Manuel, a garment worker and longtime activist in the Black and labor movements, has been campaigning, along with campaign volunteers, throughout working-class neighborhoods in the city.
Manuel and a team of supporters began the day at a Health Fair held on the grounds of the now closed D.C. General Hospital. Shut down last year, it was the last public hospital in the city, and had been widely used by working people.
The city refused to keep the facility open despite numerous picket lines, meetings, and rallies by the hospital workers and others. The current mayor, Democrat Anthony Williams, is widely hated by workers for his role in leading the campaign to close D.C. General. He was also scheduled to be campaigning at the Health Fair but many workers there doubted he would appear.
"My campaign presents a program around which working people in this city and around the world can unite, and, through the fights we conduct today, begin to construct a revolutionary party that can lead working people to power and replace the rule of the wealthy with a government of workers and farmers," Manuel explained as he talked with individuals and groups of workers and youth. Many were glad to learn that someone who had fought to keep the hospital open was running for mayor. Many signed his petition to be placed on the November ballot.
From there the candidate and his supporters campaigned at a rally for reparations held on the Mall here, which attracted several thousand participants. They were able to talk to many youth and others who traveled from cities across the United States to demand reparations from the U.S. government for centuries of slavery and racism. Participants purchased some $175 worth of books and pamphlets published by Pathfinder Press.
"To end racism," Manuel told one group to youth, "we need to take power from the capitalist minority and form a government of workers and farmers. Such a revolutionary struggle will open up the fight to once and for all put an end to racism and all forms of discrimination.

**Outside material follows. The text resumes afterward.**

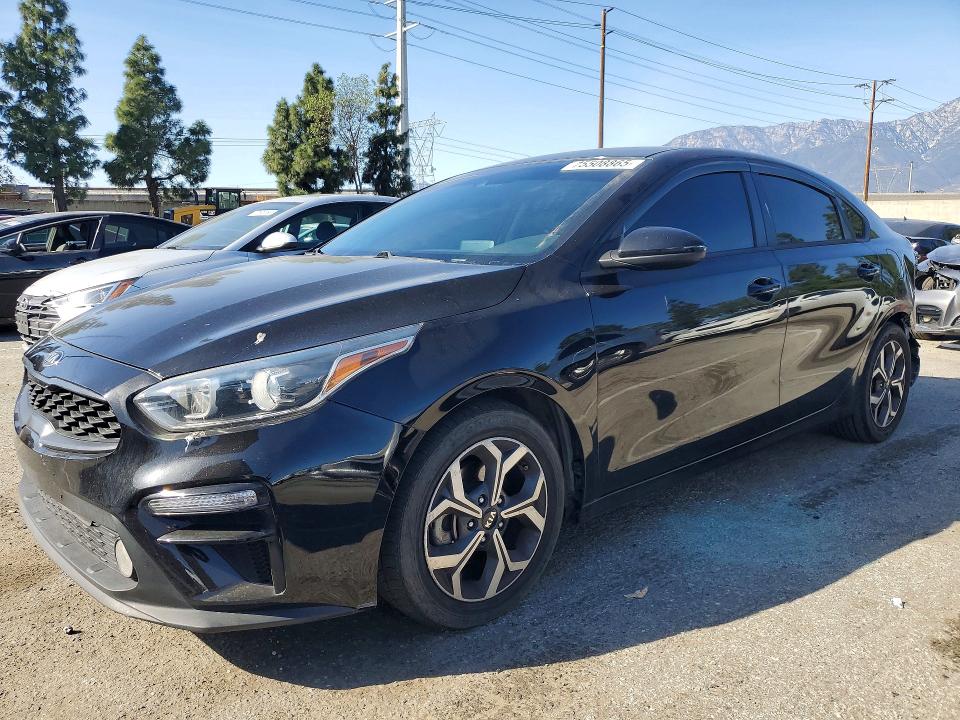 KIA FORTE 2019 with VIN 3KPF24AD8KE118692 - Photo from auction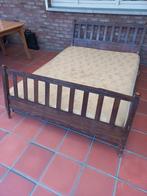 Oud bed 140 cm × 200 cm (+ eventueel oude matras), Antiek en Kunst, Ophalen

It will act in our interests and join a worldwide fight for socialism." Many residents of the city who attended the rally signed the socialist petition.
Mayor ruled off ballot
Mayor Williams has been ruled off the ballot for the September primaries due to widespread fraud and forgeries contained in the 10,102 signatures he submitted. A D.C. Court of Appeals upheld the decision August 7. The mayor was fined a record $277,700, for the 5,533 violations of election law, almost all of which were forged signatures. However, $27,700 of the fine was suspended after Williams agreed to train petition circulators more carefully. Williams is now running a write-in campaign for the Democratic Party nomination.
In a related development, the D.C. Board of Elections ruled that the Marijuana Policy Project had failed to gather enough valid signatures to place an initiative on the ballot that would decriminalize the medical use of marijuana. The board ruled that while the group had filed the required 17,455 valid signatures, it fell 122 signatures short in one of the wards in the city. The group is appealing this ruling.
Manuel said the Socialist Workers campaign opposes this undemocratic move to prevent working people from expressing their opinion on this issue. Four years ago, a similar initiative succeeded in getting on the ballot. But the U.S. Congress intervened and delayed the ballots from being counted, and blocked the measure from becoming law.
In an August 11 Washington Post column, American University professor of constitutional law Jamin Raskin decried these petitioning requirements.
"Massive signature requirements impose a pointless burden on outsider candidates that becomes an all-consuming drain on their campaigns," he wrote. He pointed out that since 1940, not a single statewide nominee of a third party has met the signature requirements for getting on the ballot in Maryland. Anyone who wants to run for governor as a Democrat or Republican is required to submit one signature, their own. Any other party must submit more than 27,000 valid signatures.
‘Private preserve of two parties’
The ballot restrictions "paralleled a national trend to knock left-wing parties off the ballot. By the 1960s, the official ballot was treated like the private preserve of the two major parties," he wrote. "This perverse approach lives on across America because of the U.S. Supreme Court’s 1971 decision in Jenness v. Fortson. In that case, the Socialist Workers Party (SWP) of Georgia challenged the state’s draconian ballot policy, in which major parties had automatic ballot status but minor parties had to collect signatures equal to 5 percent of eligible voters in the previous election.
"The SWP’s candidate for governor, Linda Jenness, had to collect an eye-popping 88,175 signatures and its two House candidates had to collect more than 10,000 signatures each," Raskin noted. "The court upheld Georgia’s rules, declaring that the job of collecting tens of thousands of signatures to get on the ballot is not ‘inherently more burdensome’ than trying ‘to win the votes of a majority in a party primary.’
"But this is comparing apples to oranges," he said. "The SWP is a party and should receive the same treatment as the Democratic and Republican parties. The proper comparison was thus not between how hard it was for any SWP candidate to get on the ballot (very hard) and how hard it was for a specific Democrat or Republican to emerge from a competitive primary battle (very hard). The proper comparison would have been between the chances that some Democratic or Republican nominee will be placed on the general election ballot (100 percent) with the chances that any SWP candidate will be placed there (zero to none). There have been no minor-party candidates for Congress on the ballot in Georgia since the 1940s."